About this exercise
Among the entries below, find the line with "Mustard Pie Blue and White Script Leggings" and the line with "erin condren snap-in". Return exactly those lines and every line between them, but no pictures.

Entries shown
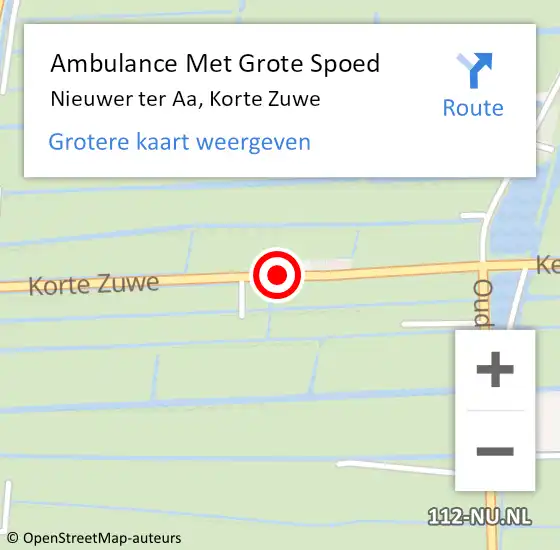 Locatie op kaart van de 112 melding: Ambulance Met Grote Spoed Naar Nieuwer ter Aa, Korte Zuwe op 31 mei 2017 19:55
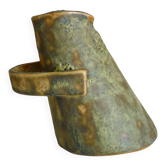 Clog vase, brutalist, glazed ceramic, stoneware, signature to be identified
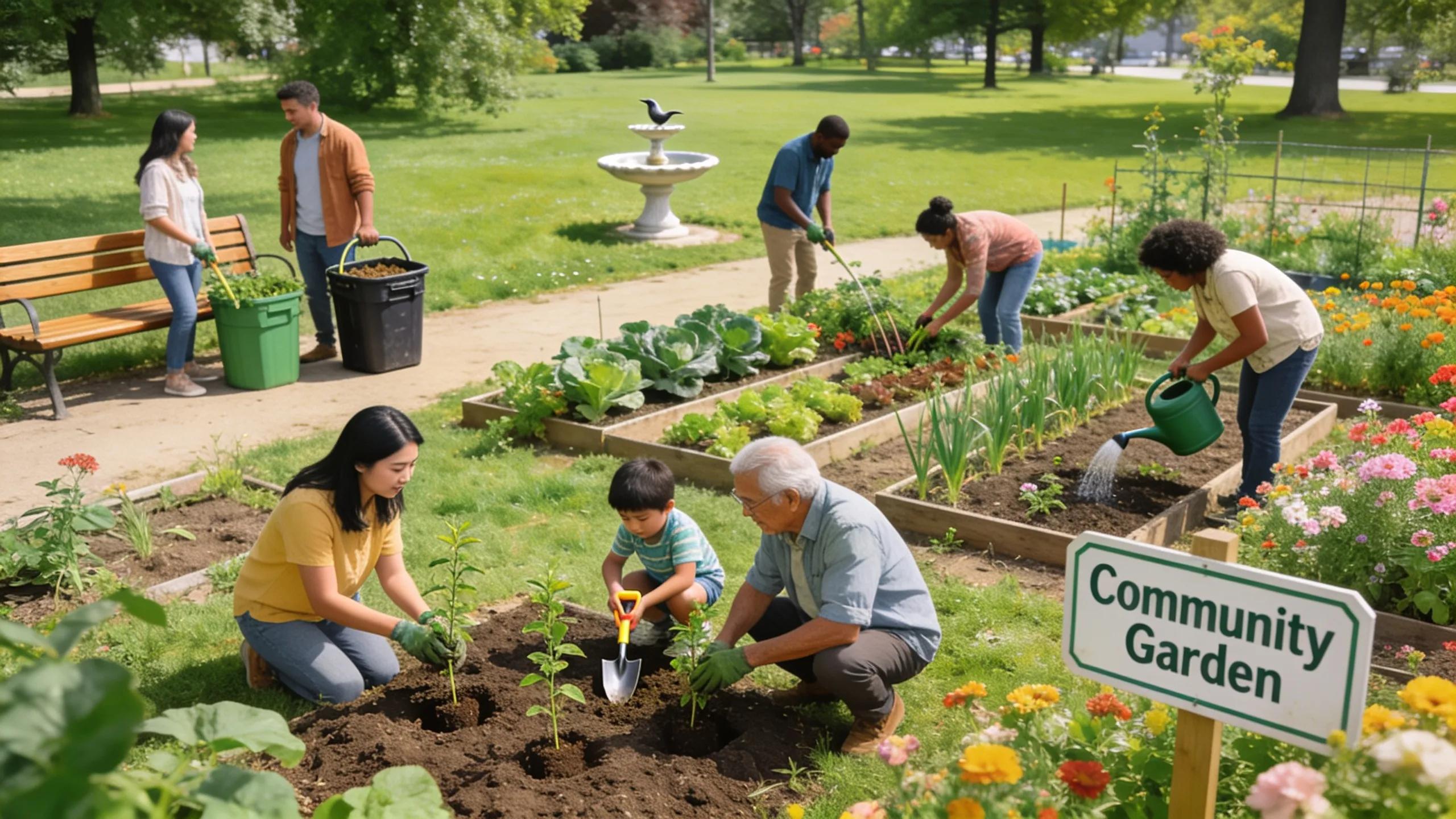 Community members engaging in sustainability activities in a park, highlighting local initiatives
...
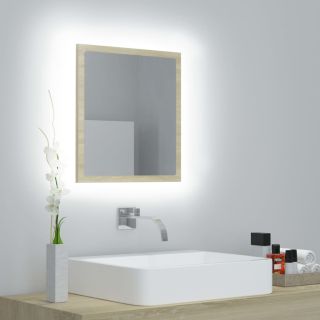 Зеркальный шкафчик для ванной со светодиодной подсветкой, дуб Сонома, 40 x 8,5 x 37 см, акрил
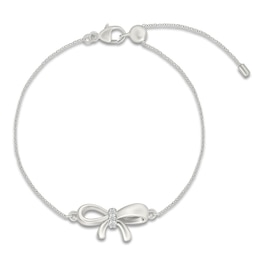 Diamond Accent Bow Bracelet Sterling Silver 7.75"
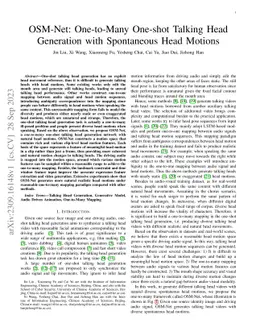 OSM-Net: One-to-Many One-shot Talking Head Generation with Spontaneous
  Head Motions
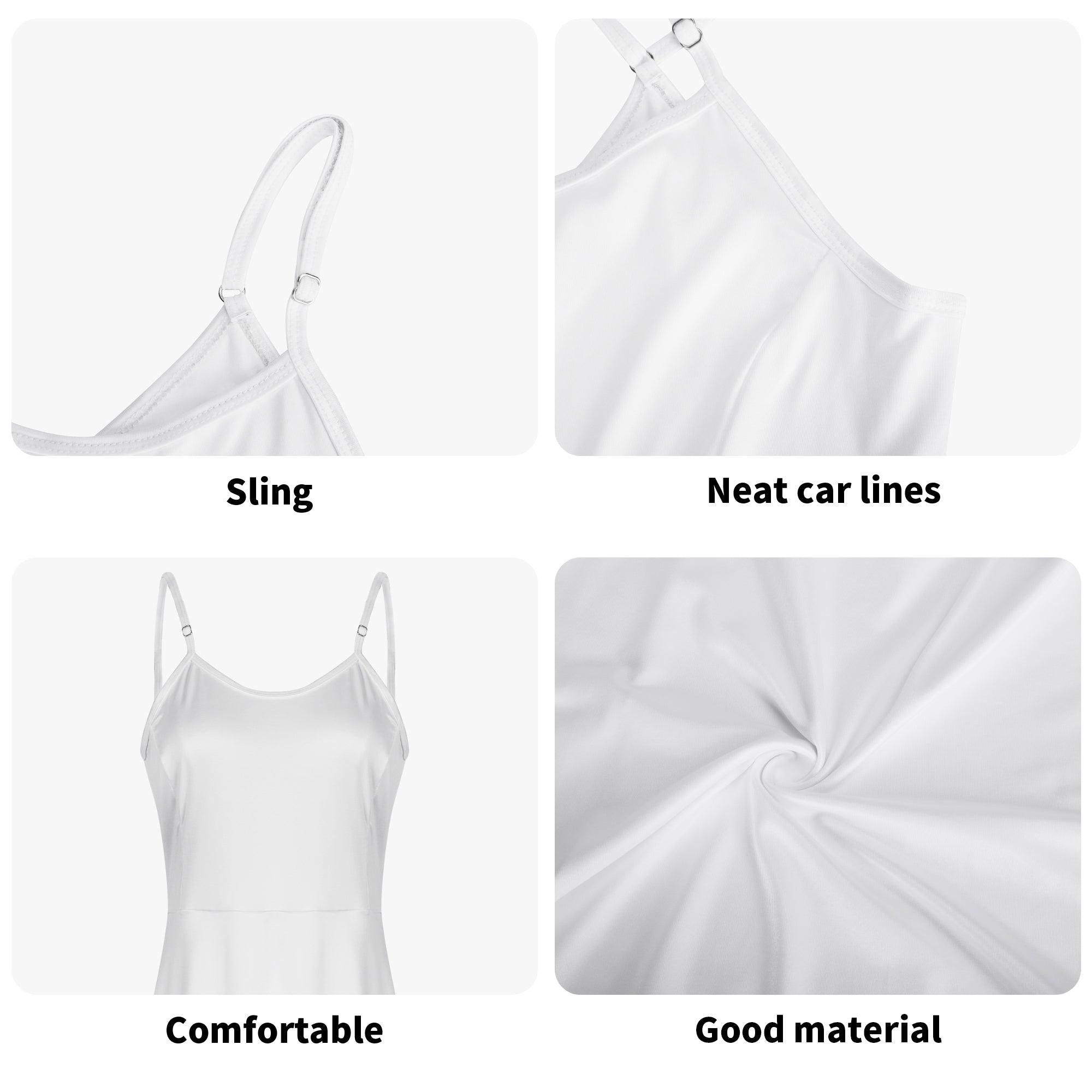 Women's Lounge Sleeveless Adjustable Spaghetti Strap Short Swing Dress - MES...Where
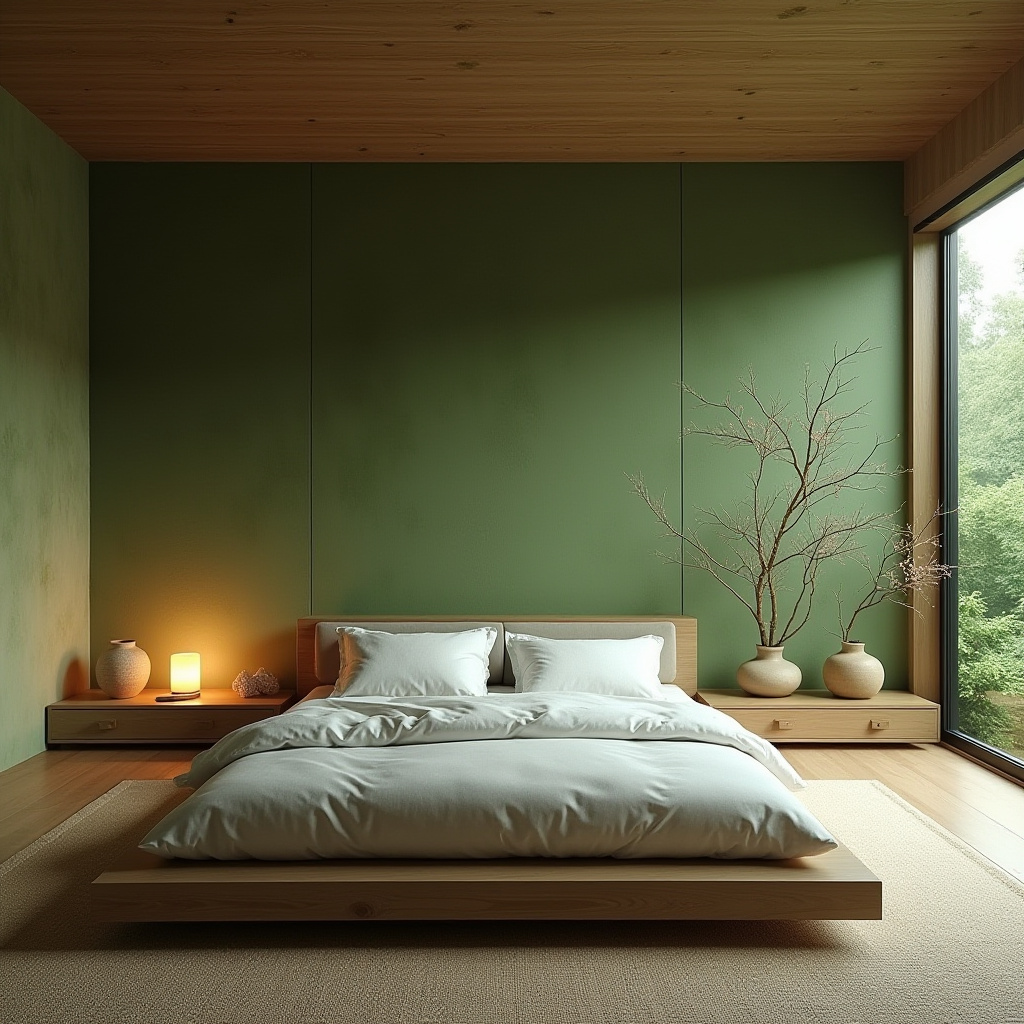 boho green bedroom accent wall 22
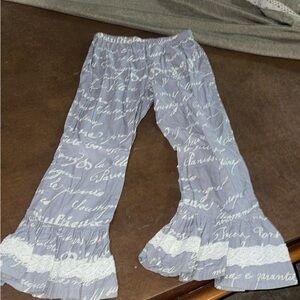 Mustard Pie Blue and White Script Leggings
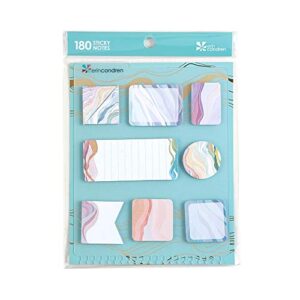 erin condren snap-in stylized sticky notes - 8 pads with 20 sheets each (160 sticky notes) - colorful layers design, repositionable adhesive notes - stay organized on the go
---
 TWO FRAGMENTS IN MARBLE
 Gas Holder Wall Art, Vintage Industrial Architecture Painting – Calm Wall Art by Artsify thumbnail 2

Your solution
 Mustard Pie Blue and White Script Leggings
 erin condren snap-in stylized sticky notes - 8 pads with 20 sheets each (160 sticky notes) - colorful layers design, repositionable adhesive notes - stay organized on the go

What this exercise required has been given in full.